8th of February 2013 –
Somewhere in the taiga with a view over the Okotsk Mountains –
Around -40 Degrees Celsius
Woow, where to begin……
The last 2 days have offered some of the best winter landscape scenery I have ever come across! It has just been magical!
Right now I am really knackered and slightly run down. Vika is mending down my trousers that ripped quite badly a couple of hours ago when the taiga hit back and relieved me of some goose down. It has been a freezing afternoon after a very dramatic day. Our tent is still far too cold, due to a wood stove which isn´t doing its job but such is life. It could be worse. We’ll survive. It is all normal-na here!
Yesterday morning we started to climb up through the taigam with trees dense of deep snow and tracks of wolf, hare and mountain goat. These are plentiful here. We climbed with a certain sadness because the reindeer which Slava was given as a gift died due to the stress of being tied up. But I always find out about these things a day later, due to my lack of Russian. The Eveny look at these matters as an integral part of their way of life. I am very fond of the four Eveny in the group. Always humble, kind, helpful and they never, ever complain. The night before yesterday for example, even if they all suffered from sore throats and colds due to the freezing temperatures, they still gave us their wood stove. They would suffer from our rotten one. When I asked them why, they seemed surprised since in this part of the world this is what people do for others. I also learned over these days, that the four are really, really poor and travel around with what they have. They where the only ones who said yes to bringing us along this historical route. The route passes their village Arkan where they rest once a year.

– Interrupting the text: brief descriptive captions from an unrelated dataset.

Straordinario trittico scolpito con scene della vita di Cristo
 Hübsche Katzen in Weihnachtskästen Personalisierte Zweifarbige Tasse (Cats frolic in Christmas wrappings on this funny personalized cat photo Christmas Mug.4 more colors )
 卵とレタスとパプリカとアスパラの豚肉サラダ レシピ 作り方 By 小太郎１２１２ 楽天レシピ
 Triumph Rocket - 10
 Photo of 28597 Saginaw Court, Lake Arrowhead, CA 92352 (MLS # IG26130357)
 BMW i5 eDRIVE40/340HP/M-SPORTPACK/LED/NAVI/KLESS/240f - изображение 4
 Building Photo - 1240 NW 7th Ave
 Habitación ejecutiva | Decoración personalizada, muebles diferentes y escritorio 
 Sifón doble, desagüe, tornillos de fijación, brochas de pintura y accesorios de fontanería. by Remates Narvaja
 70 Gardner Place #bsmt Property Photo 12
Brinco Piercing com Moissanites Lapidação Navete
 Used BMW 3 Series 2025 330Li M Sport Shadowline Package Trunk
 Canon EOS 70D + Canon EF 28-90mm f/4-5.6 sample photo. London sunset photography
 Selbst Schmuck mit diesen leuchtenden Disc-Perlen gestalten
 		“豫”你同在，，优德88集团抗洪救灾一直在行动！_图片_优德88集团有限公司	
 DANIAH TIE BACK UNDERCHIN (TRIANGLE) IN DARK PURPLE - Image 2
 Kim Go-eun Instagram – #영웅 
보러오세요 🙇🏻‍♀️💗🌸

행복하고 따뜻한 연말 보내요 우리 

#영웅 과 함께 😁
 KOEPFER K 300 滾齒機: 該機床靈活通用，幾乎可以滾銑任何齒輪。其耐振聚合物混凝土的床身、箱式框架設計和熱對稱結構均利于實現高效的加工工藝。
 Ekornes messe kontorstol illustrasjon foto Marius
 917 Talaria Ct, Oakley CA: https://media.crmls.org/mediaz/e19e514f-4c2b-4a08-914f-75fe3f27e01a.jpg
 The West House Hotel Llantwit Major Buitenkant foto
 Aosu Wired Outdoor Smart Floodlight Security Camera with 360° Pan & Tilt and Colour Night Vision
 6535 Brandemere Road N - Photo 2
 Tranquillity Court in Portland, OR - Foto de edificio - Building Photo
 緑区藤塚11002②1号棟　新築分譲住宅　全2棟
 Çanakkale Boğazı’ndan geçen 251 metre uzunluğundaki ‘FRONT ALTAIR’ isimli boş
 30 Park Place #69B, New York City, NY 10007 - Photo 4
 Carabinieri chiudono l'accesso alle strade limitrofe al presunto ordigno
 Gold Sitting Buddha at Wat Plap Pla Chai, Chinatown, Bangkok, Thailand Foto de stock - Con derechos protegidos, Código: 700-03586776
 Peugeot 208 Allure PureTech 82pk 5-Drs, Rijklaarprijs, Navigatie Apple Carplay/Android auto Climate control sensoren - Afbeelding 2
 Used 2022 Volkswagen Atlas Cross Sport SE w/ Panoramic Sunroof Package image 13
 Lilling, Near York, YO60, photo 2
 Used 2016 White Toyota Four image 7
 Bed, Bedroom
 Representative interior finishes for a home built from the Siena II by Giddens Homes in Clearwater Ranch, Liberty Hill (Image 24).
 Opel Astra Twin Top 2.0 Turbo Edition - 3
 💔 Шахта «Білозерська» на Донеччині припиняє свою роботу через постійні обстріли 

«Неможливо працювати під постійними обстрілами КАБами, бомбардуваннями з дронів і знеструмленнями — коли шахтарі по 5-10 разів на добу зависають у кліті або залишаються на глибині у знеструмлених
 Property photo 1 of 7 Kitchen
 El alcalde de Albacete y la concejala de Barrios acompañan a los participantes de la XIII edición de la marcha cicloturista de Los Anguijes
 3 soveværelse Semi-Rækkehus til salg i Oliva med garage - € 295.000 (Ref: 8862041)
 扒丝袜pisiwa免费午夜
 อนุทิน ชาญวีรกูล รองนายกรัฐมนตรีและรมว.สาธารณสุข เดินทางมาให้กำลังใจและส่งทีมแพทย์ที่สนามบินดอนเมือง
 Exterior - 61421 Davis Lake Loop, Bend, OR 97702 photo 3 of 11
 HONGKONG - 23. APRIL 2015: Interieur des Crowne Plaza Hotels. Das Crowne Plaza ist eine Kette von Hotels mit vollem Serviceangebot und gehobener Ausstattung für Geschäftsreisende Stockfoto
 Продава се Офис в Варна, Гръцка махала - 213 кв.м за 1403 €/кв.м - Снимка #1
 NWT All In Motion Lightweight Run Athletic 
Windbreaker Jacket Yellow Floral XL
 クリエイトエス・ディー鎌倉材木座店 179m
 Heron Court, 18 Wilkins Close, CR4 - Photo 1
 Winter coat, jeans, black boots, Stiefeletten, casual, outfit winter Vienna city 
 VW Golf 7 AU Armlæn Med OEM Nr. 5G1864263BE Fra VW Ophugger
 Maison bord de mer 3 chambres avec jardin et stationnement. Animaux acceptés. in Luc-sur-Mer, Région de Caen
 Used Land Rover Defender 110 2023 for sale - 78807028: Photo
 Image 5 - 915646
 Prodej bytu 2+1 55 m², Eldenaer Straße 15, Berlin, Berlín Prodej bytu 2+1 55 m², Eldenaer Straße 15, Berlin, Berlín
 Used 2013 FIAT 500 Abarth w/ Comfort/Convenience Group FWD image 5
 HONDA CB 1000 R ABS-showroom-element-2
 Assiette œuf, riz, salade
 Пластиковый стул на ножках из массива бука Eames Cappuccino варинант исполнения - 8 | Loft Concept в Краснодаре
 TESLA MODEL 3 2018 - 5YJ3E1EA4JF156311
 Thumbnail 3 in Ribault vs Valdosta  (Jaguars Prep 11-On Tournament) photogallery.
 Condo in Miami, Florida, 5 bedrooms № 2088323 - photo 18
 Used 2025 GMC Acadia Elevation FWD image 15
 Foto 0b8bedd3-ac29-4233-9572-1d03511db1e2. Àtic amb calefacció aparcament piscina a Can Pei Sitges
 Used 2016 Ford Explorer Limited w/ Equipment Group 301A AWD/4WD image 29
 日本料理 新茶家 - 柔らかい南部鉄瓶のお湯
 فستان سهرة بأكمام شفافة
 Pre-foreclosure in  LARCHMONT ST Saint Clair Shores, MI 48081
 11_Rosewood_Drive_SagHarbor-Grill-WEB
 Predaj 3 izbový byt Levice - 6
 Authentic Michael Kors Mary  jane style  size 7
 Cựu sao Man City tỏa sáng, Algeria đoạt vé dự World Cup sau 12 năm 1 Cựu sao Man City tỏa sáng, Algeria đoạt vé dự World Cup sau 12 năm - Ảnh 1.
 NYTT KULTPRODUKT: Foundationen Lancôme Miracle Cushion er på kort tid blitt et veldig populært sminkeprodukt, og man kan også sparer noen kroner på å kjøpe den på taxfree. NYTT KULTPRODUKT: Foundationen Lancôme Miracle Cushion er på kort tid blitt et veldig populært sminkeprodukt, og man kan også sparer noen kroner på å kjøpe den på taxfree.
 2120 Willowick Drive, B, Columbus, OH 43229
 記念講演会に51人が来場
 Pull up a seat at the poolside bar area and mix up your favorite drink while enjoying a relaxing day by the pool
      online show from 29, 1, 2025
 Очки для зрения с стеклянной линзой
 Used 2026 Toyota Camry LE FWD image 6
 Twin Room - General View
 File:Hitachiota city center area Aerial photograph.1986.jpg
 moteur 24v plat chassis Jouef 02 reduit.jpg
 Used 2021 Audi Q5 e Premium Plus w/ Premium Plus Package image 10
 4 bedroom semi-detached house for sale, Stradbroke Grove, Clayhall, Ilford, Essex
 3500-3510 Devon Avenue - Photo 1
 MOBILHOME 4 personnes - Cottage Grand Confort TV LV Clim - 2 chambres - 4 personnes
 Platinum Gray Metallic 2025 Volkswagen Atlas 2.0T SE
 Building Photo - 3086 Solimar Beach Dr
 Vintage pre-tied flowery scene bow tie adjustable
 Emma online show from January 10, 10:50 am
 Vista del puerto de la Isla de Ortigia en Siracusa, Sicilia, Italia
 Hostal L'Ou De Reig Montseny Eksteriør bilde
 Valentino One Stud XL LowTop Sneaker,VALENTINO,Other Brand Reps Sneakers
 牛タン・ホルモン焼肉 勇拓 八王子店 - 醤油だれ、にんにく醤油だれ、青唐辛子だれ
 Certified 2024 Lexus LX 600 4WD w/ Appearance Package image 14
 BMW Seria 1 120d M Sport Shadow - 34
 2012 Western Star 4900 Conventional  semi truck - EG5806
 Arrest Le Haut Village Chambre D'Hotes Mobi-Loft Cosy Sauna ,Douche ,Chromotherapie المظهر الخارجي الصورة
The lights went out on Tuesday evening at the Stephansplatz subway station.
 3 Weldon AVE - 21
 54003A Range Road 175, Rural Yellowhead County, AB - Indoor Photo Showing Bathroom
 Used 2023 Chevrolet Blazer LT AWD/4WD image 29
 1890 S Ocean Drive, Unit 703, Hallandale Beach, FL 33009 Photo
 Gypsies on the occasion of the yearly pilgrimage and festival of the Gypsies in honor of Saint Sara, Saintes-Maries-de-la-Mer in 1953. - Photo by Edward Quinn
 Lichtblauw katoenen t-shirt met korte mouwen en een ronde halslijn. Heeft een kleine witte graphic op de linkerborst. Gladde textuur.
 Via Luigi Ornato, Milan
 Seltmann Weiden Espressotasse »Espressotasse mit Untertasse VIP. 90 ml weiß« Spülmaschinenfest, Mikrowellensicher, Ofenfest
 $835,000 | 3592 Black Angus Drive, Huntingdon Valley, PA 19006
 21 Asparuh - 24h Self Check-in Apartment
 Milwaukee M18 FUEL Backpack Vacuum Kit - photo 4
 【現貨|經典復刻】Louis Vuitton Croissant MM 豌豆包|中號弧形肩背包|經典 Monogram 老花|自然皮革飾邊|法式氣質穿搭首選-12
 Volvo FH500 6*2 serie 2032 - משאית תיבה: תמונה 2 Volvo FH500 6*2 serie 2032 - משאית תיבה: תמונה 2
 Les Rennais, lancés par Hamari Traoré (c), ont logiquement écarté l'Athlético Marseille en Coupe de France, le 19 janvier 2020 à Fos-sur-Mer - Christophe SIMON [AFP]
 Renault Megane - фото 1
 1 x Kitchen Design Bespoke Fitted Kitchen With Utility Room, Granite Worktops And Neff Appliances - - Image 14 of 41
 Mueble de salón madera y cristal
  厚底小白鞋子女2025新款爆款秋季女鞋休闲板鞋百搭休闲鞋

They have done this route 3-5 times and it passes through mountain and winter scenery. It resembles Antarctica with a great open plain, surrounded by old rounded mountains with a slight wind. To see 36 reindeer pass through here is magical! We climbed over a treeless plain over a pass and it was well into the dark before we set up camp at the bottom, in a forest where the reindeer can find their food. Before we reached camp we passed through a dense forest. In this Bolot got thrown off the sled and we hit a tree. Our driver Vika then fixed the sled while they others ran off and left us (Bolot and I) walking a kilometer to the chosen night camp. It was passed midnight before we set up the cumbersome camp, finally to fall asleep.
Because the reindeer need to eat, we never leave before 1 p.m. They are let free each evening and it therefore takes time to find them again, tie them to the sleds and get going. In the meantime we eat something small twice (second breakfast). They call it tea here and then we are off. Today´s ride was the one we feared since the start. Going downhill for an hour, zigzagging through the dense forest and there´s no doubt, this descend was dramatic. But no accidents happened, all due to the safe guiding of Slava, Yura and Tolya. Tolya did however got hit by an antler and came down with a bloody face riding on the plain.
The most gruesome part for the reindeer seems to be these many crossing of ice patches, where they skid along. It’s worrisome at times.
The last 2 hours was really, really cold and the reindeer and some in the group wanted to hurry on and reach Vikas fathers camp (a couple of days from here). I can understand the Eveny are tired. Vika especially who cooks so much and works endlessly. They have been out like this all winter like the nomads they are.
I’m full of admiration for their humbleness and character.
Time is soon midnight here.
This is really an amazing adventure and I am learning so much every day. I wish I had the strength to write more.